From Public Health Watch:
This story is part of a series by Public Health Watch and MyRGV.com.
MCALLEN, Texas — When neuroscientist Kelsey Baker hears the low buzz of planes over her home in the Rio Grande Valley, she grabs her dog and hurries indoors. The drone means the crop-dusters are back, spraying pesticides over the citrus, melon and other crops that surround her planned community.
Baker is an assistant professor and assistant dean at the University of Texas Rio Grande Valley. The city of McAllen, where she lives, and neighboring Edinburg, where she works, sit in the middle of one of the state’s most productive agricultural regions, covering more than 4,000 square miles and fed by the Rio Grande.
Baker moved here in 2018, expecting to continue her research into stroke and spinal cord injury. But as she sifted through medical records, she was struck by how many people had Parkinson’s disease, a progressive, neurological condition that has been linked to pesticides and other environmental toxins for at least 30 years. Research shows that more than 80 percent of Parkinson’s cases have no genetic links and are likely explained by environmental factors. Studies have also shown that people exposed to pesticides have a greater risk of the disease.

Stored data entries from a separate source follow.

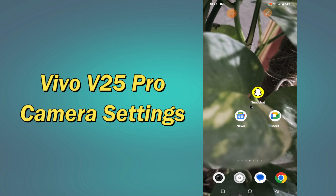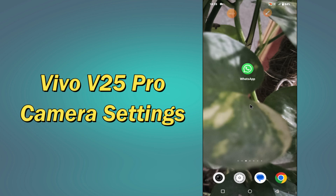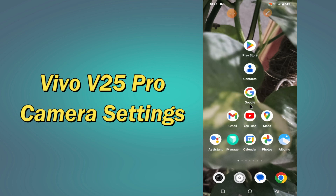But before that, hit the red subscribe button and the bell icon to stay updated. Now watch this complete video and you will learn all about the camera settings and features of your device Vivo V25 Pro.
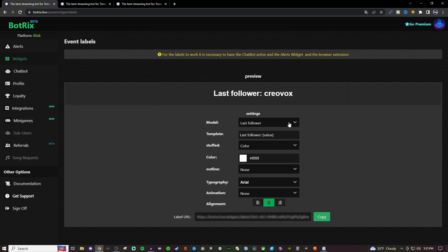Once you have that, you can adjust how you want it to look. For latest follower, you can have it name something else for the template. If you don't want it to say latest follower, you could do something else. But you want to keep the value as it is - don't change that, but you can change the latest follower template name.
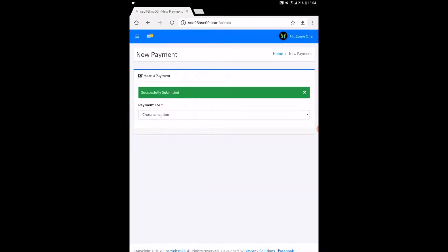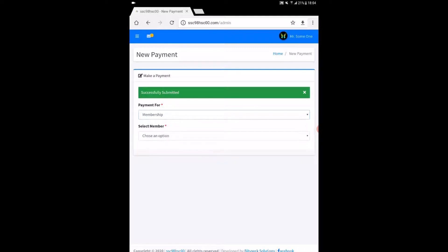Now from the choose an option menu, choose membership. Then choose free and click to save.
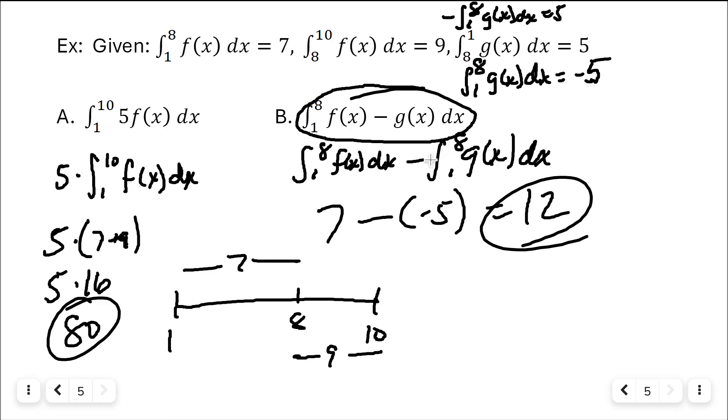Definite integral means area underneath the curve. You can use properties or geometry formulas to find the area, and a lot of times it will be possible to do so. And as always, thanks for clicking.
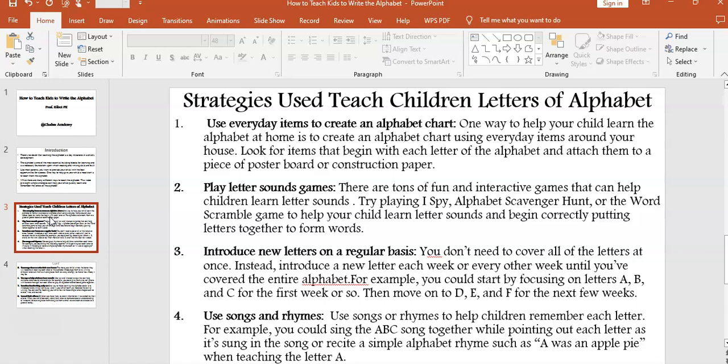These games help children begin correctly putting letters together to form words. Strategy three: introduce new letters on a regular basis. You don't need to cover all of the letters at once; instead, introduce a new letter each week or every other week until you have covered the entire alphabet. For example, you could start by focusing on A, B, and C for the first week, then move to D, E, and F for the next few weeks.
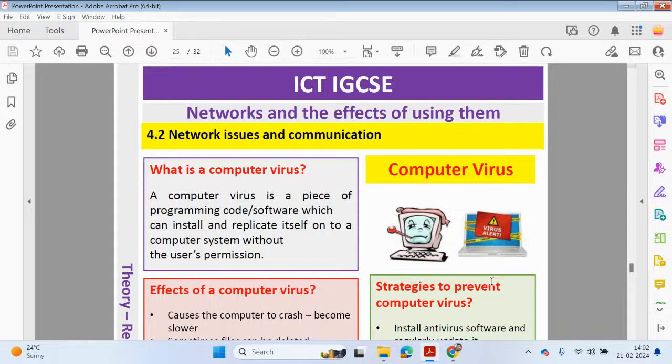Hello guys, welcome back to my YouTube channel. My name is Yasir Ahmed. In this video we will continue looking at chapter 4 from the ICT IGCSE course and we're going to be finishing off 4.2, Network Issues and Communication. Please check out the previous videos.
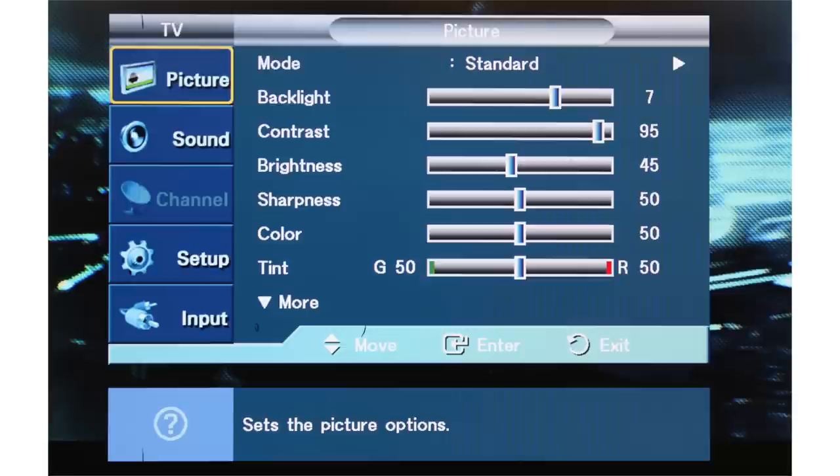The replacement T-Con board has fixed the problem. Here is a photo of the same TV with the replacement T-Con board in it.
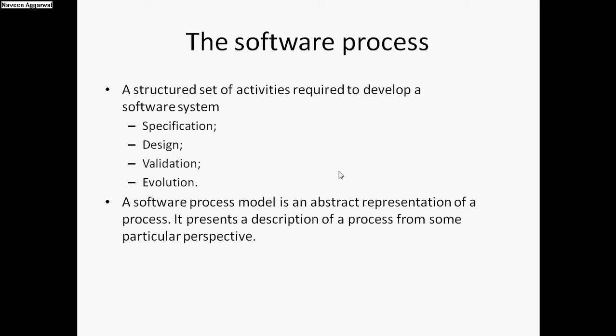After deployment, we need to provide maintenance. Software may change, so evolution of the software takes care that if there are any changes, they can be addressed in the future.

There is no cure for Parkinson’s. As the disease progresses, its most common symptoms — tremor, slow movement, stiffness and unsteadiness — can be accompanied by depression, difficulty concentrating and bowel and urinary problems. The disease is the world’s fastest growing neurological disorder, with more than 25 million people likely to be affected by 2050.
A biomedical engineer by training, Baker started poring over maps of the Valley and found something striking. Homes and schools were often boxed in on all sides by crops, something she hadn’t seen in farming areas in other parts of the country where she had lived. Farmworkers are at special risk for Parkinson’s, because the fields where they work are frequently doused with pesticides. But people like Baker, who simply live near farms, are also in danger.
A recent U.S. Environmental Protection Agency (EPA) analysis of paraquat, a weedkiller with some of the strongest links to Parkinson’s, showed that it might travel so far in the air that anyone within a 20-square mile area of its application could be exposed to unsafe levels. Although paraquat has been banned, phased out or withdrawn in at least 74 countries, its use has increased in the United States, in part because so many weeds are resistant to other herbicides.
“In hindsight, would I have chosen where I live if I knew as much as I know now?” Baker told Public Health Watch. “Probably not.”
Tracking how many of the Valley’s 1.4 million residents have Parkinson’s is almost impossible. Two to 3% of those enrolled in Medicare and Medicaid there have the disease, but those figures don’t include the one in four Valley residents who are under 65 and don’t have any health insurance at all. It also excludes the area’s many undocumented workers, who aren’t eligible for state or federal health benefits.